### MATERIAL FOR THIS TASK
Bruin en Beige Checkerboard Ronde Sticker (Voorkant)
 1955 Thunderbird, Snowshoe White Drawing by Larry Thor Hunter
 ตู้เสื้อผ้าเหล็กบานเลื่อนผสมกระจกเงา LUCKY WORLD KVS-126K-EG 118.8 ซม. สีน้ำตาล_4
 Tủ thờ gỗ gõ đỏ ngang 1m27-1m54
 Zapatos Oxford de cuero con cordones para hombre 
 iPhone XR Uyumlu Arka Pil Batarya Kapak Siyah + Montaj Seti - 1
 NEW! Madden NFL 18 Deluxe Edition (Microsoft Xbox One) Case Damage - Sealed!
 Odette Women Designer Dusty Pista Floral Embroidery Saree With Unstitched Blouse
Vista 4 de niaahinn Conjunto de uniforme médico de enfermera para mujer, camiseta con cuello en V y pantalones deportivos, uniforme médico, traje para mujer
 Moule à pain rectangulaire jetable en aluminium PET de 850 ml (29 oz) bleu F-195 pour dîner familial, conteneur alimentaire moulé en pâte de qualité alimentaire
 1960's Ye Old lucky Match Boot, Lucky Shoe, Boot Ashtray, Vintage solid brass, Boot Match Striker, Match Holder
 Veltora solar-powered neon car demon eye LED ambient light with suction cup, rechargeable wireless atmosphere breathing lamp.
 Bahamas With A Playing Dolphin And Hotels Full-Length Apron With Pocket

### WHAT YOU WILL DO
The lines above from the one with "ตู้เสื้อผ้าเหล็กบานเลื่อนผสมกระจกเงา LUCKY WORLD" through the one with "Moule à pain" are to be duplicated exactly, ends included, with nothing added.

### SOLUTION TO THIS PROBLEM
 ตู้เสื้อผ้าเหล็กบานเลื่อนผสมกระจกเงา LUCKY WORLD KVS-126K-EG 118.8 ซม. สีน้ำตาล_4
 Tủ thờ gỗ gõ đỏ ngang 1m27-1m54
 Zapatos Oxford de cuero con cordones para hombre 
 iPhone XR Uyumlu Arka Pil Batarya Kapak Siyah + Montaj Seti - 1
 NEW! Madden NFL 18 Deluxe Edition (Microsoft Xbox One) Case Damage - Sealed!
 Odette Women Designer Dusty Pista Floral Embroidery Saree With Unstitched Blouse
Vista 4 de niaahinn Conjunto de uniforme médico de enfermera para mujer, camiseta con cuello en V y pantalones deportivos, uniforme médico, traje para mujer
 Moule à pain rectangulaire jetable en aluminium PET de 850 ml (29 oz) bleu F-195 pour dîner familial, conteneur alimentaire moulé en pâte de qualité alimentaire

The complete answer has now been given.